Informality captures the spirit, the inmost soul of the Oratorio, dating back to the very beginnings in the time of St Philip Neri. This essential quality is not the result of some deliberate strategy but rather the fruit of cumulative experience garnered over several centuries. Time and again, the whole research team dwell on this particular dimension, as being best adapted to the needs of many of the young people experiencing the threshold syndrome, with its consequent feelings of restlessness and marginalisation.
In adult terms, threshold speaks of ambivalence, of being neither inside nor yet outside, but in that intermediate space, both physical and otherwise, that lies in front of a home, a school, a factory – a parish – where rules and ethical codes are clearly defined.

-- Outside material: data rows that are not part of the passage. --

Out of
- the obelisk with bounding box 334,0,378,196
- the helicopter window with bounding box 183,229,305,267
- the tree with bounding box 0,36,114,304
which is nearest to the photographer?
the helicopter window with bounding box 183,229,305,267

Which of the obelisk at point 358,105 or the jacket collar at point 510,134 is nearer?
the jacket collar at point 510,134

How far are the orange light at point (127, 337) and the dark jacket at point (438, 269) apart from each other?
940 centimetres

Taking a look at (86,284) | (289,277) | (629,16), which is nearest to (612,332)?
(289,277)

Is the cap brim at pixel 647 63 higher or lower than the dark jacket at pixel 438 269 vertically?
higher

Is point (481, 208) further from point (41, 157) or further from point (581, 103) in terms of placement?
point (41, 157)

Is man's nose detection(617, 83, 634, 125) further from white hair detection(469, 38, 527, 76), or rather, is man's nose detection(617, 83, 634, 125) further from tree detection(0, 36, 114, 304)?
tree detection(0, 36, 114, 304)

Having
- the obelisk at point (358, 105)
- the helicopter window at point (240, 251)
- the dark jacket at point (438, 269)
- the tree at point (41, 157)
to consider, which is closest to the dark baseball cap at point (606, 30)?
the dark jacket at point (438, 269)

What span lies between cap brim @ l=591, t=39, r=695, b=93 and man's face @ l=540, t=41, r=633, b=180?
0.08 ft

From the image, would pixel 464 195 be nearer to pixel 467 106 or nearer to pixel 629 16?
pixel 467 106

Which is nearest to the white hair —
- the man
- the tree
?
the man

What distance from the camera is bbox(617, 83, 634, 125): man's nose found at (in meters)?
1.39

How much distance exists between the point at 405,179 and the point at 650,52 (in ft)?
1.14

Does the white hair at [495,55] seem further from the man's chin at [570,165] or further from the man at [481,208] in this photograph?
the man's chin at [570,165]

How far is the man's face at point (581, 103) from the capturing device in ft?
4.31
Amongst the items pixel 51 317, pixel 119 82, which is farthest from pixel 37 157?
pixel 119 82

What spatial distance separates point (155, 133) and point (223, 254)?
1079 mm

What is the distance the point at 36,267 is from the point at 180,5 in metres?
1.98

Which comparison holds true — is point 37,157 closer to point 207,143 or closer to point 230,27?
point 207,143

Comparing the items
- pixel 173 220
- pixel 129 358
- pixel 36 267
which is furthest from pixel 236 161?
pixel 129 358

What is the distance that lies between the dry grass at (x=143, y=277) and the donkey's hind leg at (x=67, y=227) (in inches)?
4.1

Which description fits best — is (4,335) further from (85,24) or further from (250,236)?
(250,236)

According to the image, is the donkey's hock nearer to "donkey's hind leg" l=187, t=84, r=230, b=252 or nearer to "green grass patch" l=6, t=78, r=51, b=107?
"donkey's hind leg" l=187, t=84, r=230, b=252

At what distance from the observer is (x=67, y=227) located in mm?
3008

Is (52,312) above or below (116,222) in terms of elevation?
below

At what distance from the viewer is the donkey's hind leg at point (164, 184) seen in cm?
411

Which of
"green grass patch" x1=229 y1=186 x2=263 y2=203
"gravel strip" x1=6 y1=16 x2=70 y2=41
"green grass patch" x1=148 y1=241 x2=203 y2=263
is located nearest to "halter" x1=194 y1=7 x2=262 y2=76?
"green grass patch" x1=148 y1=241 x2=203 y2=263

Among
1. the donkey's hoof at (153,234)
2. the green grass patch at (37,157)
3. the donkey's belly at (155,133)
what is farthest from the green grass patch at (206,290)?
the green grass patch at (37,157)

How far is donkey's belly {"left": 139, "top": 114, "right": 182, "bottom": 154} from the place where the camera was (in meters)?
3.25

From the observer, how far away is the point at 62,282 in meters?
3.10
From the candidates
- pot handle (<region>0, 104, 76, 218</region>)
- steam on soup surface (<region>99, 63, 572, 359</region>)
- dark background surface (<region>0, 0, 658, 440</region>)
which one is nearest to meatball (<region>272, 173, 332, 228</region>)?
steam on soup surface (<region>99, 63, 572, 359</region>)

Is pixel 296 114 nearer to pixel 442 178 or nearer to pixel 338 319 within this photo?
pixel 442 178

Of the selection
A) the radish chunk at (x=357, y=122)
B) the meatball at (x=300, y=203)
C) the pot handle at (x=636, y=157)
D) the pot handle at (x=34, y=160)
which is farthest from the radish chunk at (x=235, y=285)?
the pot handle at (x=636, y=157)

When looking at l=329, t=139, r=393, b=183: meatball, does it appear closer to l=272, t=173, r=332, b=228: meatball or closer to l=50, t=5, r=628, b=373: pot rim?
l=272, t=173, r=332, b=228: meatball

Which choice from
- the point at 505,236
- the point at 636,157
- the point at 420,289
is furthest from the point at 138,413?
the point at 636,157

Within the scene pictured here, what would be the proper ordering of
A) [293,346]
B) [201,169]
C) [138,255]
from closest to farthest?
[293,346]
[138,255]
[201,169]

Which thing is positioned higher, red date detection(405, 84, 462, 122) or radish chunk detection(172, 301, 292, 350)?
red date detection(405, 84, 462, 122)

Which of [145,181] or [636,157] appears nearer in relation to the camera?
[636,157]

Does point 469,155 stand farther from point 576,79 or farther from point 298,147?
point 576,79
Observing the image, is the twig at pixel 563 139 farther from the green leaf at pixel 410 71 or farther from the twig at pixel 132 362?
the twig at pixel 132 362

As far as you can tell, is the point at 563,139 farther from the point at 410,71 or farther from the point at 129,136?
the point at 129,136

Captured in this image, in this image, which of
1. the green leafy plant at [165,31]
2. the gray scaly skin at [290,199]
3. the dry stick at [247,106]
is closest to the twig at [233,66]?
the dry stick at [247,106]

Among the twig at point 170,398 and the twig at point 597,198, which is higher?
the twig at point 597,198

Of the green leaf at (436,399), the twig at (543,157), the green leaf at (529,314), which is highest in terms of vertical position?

But not yet embraced by the people standing on the threshold, nursing conflicting feelings of distrust and fear, antagonism and at times attraction to the new world beckoning from the inside.
This is the situation of the young people so often lingering just beyond the bounds of either parish or oratorio, expressing their ambivalence by their looks and their studied casualness.

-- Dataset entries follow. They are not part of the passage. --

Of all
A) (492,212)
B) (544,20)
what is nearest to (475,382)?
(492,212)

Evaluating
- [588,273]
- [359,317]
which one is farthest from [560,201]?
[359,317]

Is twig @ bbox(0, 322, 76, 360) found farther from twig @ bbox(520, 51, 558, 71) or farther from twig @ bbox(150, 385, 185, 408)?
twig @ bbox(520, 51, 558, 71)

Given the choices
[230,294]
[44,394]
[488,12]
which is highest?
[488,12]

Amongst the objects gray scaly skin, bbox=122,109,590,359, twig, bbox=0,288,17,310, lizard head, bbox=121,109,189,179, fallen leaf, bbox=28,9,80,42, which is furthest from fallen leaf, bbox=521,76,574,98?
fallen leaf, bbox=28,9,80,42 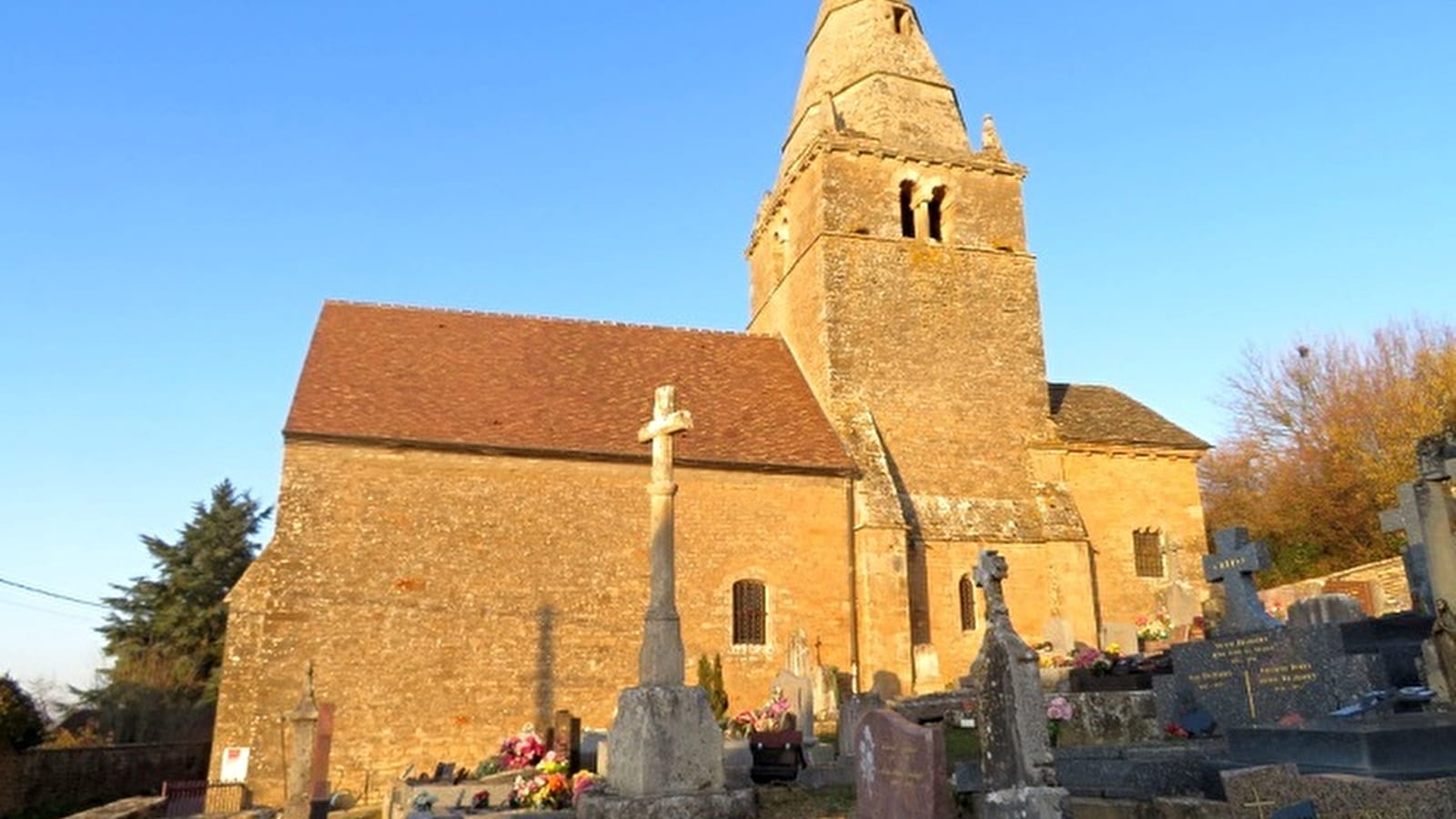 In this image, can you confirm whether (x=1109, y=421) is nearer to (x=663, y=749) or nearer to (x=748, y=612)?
(x=748, y=612)

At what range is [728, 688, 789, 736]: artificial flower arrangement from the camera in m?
13.6

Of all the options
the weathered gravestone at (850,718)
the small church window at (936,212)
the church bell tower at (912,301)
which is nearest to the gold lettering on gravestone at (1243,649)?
the weathered gravestone at (850,718)

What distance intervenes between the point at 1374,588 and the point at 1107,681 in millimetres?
9445

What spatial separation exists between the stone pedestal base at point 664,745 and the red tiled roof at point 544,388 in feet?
31.8

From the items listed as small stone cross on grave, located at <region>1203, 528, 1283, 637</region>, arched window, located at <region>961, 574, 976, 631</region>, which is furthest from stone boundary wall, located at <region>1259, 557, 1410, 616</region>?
small stone cross on grave, located at <region>1203, 528, 1283, 637</region>

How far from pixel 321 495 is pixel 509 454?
3.22m

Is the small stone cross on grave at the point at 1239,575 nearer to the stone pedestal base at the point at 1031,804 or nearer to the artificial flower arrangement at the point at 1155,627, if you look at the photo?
the stone pedestal base at the point at 1031,804

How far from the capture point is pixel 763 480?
18.7 m

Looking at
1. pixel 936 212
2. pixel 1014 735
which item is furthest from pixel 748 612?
pixel 1014 735

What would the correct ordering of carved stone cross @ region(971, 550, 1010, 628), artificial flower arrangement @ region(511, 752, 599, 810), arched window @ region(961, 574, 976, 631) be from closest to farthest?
carved stone cross @ region(971, 550, 1010, 628)
artificial flower arrangement @ region(511, 752, 599, 810)
arched window @ region(961, 574, 976, 631)

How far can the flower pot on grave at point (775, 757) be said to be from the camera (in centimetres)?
1123

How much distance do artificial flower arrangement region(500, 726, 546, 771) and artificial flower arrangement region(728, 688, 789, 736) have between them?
2854mm

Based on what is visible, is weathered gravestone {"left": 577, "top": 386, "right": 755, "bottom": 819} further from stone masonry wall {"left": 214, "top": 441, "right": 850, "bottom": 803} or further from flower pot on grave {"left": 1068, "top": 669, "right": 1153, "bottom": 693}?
stone masonry wall {"left": 214, "top": 441, "right": 850, "bottom": 803}

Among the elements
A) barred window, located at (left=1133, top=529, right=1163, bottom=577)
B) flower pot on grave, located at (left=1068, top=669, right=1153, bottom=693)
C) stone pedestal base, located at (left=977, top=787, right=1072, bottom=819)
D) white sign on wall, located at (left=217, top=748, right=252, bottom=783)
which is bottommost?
white sign on wall, located at (left=217, top=748, right=252, bottom=783)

They recall the steel balls suspended between and kept in place by two magnetic fields. Could it be that these young people resemble this ‘suspended neutrality’, caught between two contrasting and mutually attractive yet reciprocally negating forces?
In such a situation freedom of choice – to go forward or backward – is practically non-existent. The ambiguity causes anxiety and paralysis, and hence marginalisation.
But this is not necessarily exhibiting deviant behaviour, as many closed-minded observers might be tempted to suggest.
Rather it is as if they are experiencing a vacuum inside them, trapped within static confines, with little scope for re-positioning themselves or moving forward.
Such an analysis underlies many attempts by the youth leaders within the Oratorio to make and – if successful – keep in contact with those on the threshold.
This is a stage in their development that affects a high proportion of young people nowadays. Their marginalisation, particularly if brought about by circumstances beyond their control, such as race or ethnicity, social status, interruption to schooling, can damage the individual’s sense of worth and self-respect to the point of triggering anti-social behaviour and violence.
In such cases, the multiplicity of sub-cultures diverging from mainstream social norms can be the source of many of the problems continuously reported in the media.
Of course, marginalisation is not a process affecting only young people.
We can meet mature-age people here in Australia who in some cases have chosen to depend fully on the security net for their support.